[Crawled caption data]
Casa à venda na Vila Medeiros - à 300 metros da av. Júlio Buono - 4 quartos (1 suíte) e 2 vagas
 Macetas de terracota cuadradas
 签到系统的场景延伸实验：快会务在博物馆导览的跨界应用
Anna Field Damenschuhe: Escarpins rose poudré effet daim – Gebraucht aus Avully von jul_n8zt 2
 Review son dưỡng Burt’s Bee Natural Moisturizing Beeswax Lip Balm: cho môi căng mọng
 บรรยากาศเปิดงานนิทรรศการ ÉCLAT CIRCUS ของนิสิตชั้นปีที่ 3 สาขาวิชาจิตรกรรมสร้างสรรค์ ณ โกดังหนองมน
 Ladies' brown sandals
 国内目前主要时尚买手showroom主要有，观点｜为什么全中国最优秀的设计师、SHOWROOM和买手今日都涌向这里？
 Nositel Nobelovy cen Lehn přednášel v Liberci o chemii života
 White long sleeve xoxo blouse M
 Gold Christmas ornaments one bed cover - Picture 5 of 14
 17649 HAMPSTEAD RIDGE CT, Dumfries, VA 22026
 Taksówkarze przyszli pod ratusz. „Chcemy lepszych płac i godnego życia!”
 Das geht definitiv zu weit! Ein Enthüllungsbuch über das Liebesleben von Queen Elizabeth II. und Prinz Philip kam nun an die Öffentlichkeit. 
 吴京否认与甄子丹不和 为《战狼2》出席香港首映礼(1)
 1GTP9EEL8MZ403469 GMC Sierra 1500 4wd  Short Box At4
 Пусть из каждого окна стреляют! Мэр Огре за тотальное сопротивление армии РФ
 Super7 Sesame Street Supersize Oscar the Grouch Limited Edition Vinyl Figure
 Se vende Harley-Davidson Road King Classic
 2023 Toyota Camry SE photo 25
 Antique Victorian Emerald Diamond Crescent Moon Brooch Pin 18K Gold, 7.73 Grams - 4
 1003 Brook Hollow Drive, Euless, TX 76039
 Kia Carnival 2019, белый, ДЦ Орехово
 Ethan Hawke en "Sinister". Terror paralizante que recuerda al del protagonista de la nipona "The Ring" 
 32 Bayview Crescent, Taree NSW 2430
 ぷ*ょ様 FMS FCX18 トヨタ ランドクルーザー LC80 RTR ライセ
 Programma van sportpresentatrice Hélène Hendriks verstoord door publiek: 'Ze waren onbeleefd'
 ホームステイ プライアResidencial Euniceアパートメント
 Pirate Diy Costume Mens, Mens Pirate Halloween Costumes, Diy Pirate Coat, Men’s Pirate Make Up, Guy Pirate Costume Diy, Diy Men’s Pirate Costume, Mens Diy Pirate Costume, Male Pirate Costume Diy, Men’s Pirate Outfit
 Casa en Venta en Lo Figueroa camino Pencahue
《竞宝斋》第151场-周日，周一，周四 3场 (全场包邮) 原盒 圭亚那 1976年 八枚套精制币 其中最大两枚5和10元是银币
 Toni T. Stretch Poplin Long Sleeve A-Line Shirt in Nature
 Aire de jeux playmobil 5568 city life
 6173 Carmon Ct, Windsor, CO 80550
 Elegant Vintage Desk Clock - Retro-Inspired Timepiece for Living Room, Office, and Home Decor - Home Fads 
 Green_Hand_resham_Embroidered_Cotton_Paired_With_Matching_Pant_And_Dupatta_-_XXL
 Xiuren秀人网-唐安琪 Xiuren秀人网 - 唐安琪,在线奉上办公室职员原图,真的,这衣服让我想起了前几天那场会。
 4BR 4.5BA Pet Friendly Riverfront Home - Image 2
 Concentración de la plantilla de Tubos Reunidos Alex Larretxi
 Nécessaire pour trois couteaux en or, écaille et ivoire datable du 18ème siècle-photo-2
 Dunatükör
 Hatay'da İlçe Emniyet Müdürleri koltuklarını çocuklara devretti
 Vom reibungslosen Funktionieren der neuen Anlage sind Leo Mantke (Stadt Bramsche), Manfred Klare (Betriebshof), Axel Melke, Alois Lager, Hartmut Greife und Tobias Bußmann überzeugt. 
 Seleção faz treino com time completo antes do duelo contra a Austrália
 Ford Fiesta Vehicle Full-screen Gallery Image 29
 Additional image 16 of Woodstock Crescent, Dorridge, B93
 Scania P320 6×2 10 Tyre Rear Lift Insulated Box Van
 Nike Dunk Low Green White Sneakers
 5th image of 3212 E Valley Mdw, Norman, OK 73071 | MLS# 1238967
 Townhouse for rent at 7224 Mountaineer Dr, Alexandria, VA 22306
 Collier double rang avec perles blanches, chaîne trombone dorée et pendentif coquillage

# WHAT THE TASK ASKS
What is needed is an exact copy of the lines from the one containing "Concentración de la" through the last line of the records, and nothing else.

# REPLY
 Concentración de la plantilla de Tubos Reunidos Alex Larretxi
 Nécessaire pour trois couteaux en or, écaille et ivoire datable du 18ème siècle-photo-2
 Dunatükör
 Hatay'da İlçe Emniyet Müdürleri koltuklarını çocuklara devretti
 Vom reibungslosen Funktionieren der neuen Anlage sind Leo Mantke (Stadt Bramsche), Manfred Klare (Betriebshof), Axel Melke, Alois Lager, Hartmut Greife und Tobias Bußmann überzeugt. 
 Seleção faz treino com time completo antes do duelo contra a Austrália
 Ford Fiesta Vehicle Full-screen Gallery Image 29
 Additional image 16 of Woodstock Crescent, Dorridge, B93
 Scania P320 6×2 10 Tyre Rear Lift Insulated Box Van
 Nike Dunk Low Green White Sneakers
 5th image of 3212 E Valley Mdw, Norman, OK 73071 | MLS# 1238967
 Townhouse for rent at 7224 Mountaineer Dr, Alexandria, VA 22306
 Collier double rang avec perles blanches, chaîne trombone dorée et pendentif coquillage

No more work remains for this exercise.